Domain’s House Price Report for the June quarter showed house prices in the capitals rose for the sixth consecutive quarter, maintaining a consistent pace with the previous quarter, but slowed compared to the 2023 quarterly gains.
Unit price growth decelerated significantly, posting the weakest quarterly outcome since early 2023, growing at a rate four times slower than the previous quarter.
“We saw a slowdown in annual gains for the first time this growth cycle for both combined capital house and unit prices,” Domain’s chief of research and economics, Nicola Powell told Australian Property Journal.
“Affordability has become extremely stretched.”
“The fact that we’ve now got momentum loss on that annual basis really showcases that the breaks are being applied in terms of price growth. When you look at the last couple of years, the level of price growth is unsustainable, and we know Australians are doing it tough financially.”
On the back of tight supply continues to be the runaway leader for the price growth, leading quarterly and annual price growth for houses (at 6.6% and 23.8% respectively) and units (7.8% and 25.5%), hitting new record highs in the June quarter. Its median house price is now $852,240 – it has risen at a rate of $448 per day for the past year – and median unit price is $466,720.

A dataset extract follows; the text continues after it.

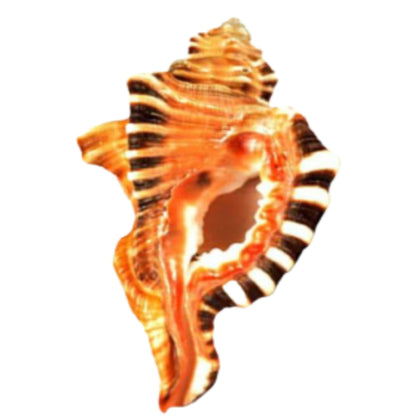 Ganesha Conch Shell  (THIS PRODUCT AVAILABLE ONLY INSIDE INDIA) - PoojaProducts.com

Brisbane and Adelaide are still performing strongly, with both also posting new benchmarks. Brisbane house prices are expected to crack the $1 million mark in the coming quarter as annual gains hit a two-year high of 16.9%. Units recorded an 11th consecutive quarter of growth, taking the median past Melbourne for the first time in 15 years and putting the city into third place nationally.
“What is going to become more evident is a bit more of a multi-speed market. I think that is likely to become more evident as time goes on,” Powell told Australian Property Journal.
“I do think we’re still going to see some star performers such as Perth, which seems to still be extremely robust, and Brisbane. Overall, we’re likely to see prices rise, but I think it’s going to be much more modest in terms of its pace of growth compared to what we have been seeing.”
House prices in Sydney hit a new peak in the June quarter, of more than $1.66 million, albeit with modest growth. Melbourne house prices performed similarly, hitting a median of $1.068 million, some 2.3% lower than its peak.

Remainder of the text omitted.